Par exemple, Blanche-Neige, qui est la première princesse Disney à naître sur les écrans, n’a pas de pouvoir d’action. Ce sont les nains qui la sauvent des stratégies de la méchante Reine, alors que chaque fois la princesse tombe dans le panneau (la balade avec le chasseur, les pommes, etc.). Orpheline de sa mère, elle se confronte à une bellemère qui désire la tuer. Finalement, elle est prisonnière de son destin, car elle doit se cacher dans la forêt pour survivre et elle doit marier le prince qui la sauve.
Par la suite, Jasmine, sixième princesse Disney, est la première à ne pas être le personnage principal de son histoire et la première à ne pas être d’origine européenne. Elle est soumise aux décisions de son père, le roi, qui la prépare à devenir l’épouse du prochain roi. Son père lui interdit de sortir du château pour la protéger depuis la mort de sa mère. Finalement, elle marie un homme qui lui est imposé, Aladdin ou prince Ali. Au moins, elle l’apprécie déjà avant le mariage.
What’s wrong ? La sexualité prédéterminée
Les films présentent des personnages avec un parcours amoureux et sexuel prédéfini par leur fonction de princesse (elles doivent marier un prince), même si certains films contournent le concept.
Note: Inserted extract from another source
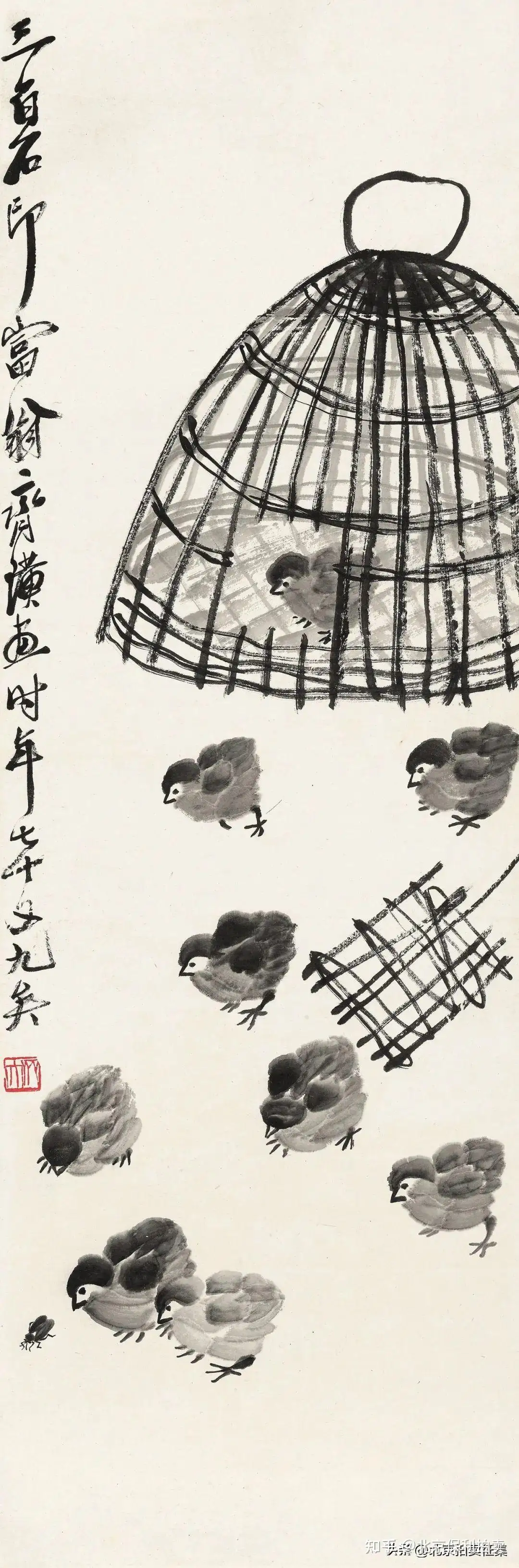 北京保利书画拍卖南张北齐早期出版作品选珍- 知乎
Ainsi, Jasmine marie le roi des voleurs, mais celui-ci a dû avoir l’aide d’un génie, de pouvoirs magiques et prendre l’apparence d’un prince pour prétendre être suffisamment bien pour marier une princesse.
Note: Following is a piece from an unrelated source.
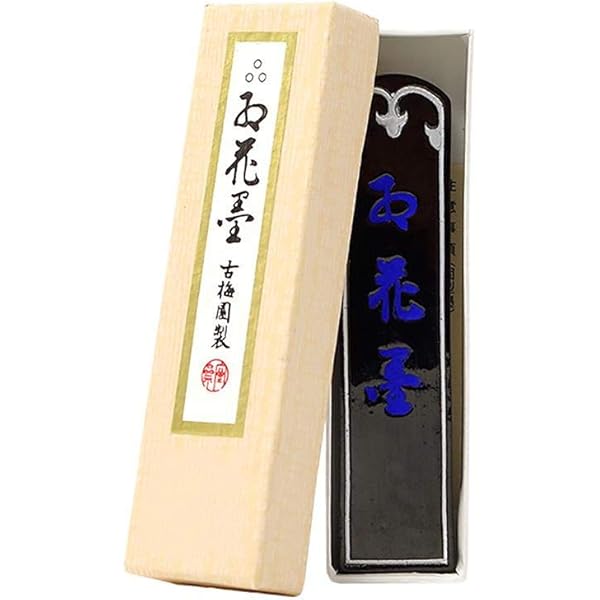 古梅園製古墨「金神仙」25g - 書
Le problème avec les princesses Disney, c’est l’absence de représentation des variétés des parcours amoureux. Les princesses sont jumelées à un partenaire, souvent prédéterminé. Aussi, peu de représentation de relation multiethnique et aucune relation associée à la communauté LGBTQ figurent dans le palmarès des couples princiers. Bref, les relations sexuelles et amoureuses qui sont différentes de la norme sont sous-représentées ou absentes.
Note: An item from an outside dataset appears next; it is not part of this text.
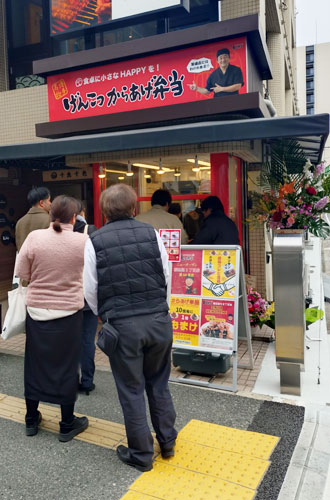 博多とよ唐亭　渡辺通2丁目店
Et si elles sont représentées, elles ne possèdent pas la fin « heureux pour toujours » à la Disney. Par exemple, Pocahontas, septième princesse de Disney et première princesse d’Amérique, est amoureuse de John Smith, un conquérant blanc d’Europe.
Première potentielle relation interculturelle, celle-ci ne dure pas très longtemps. Pocahontas est séparé de l’homme blessé par balle qui retourne en Europe pour se faire soigner.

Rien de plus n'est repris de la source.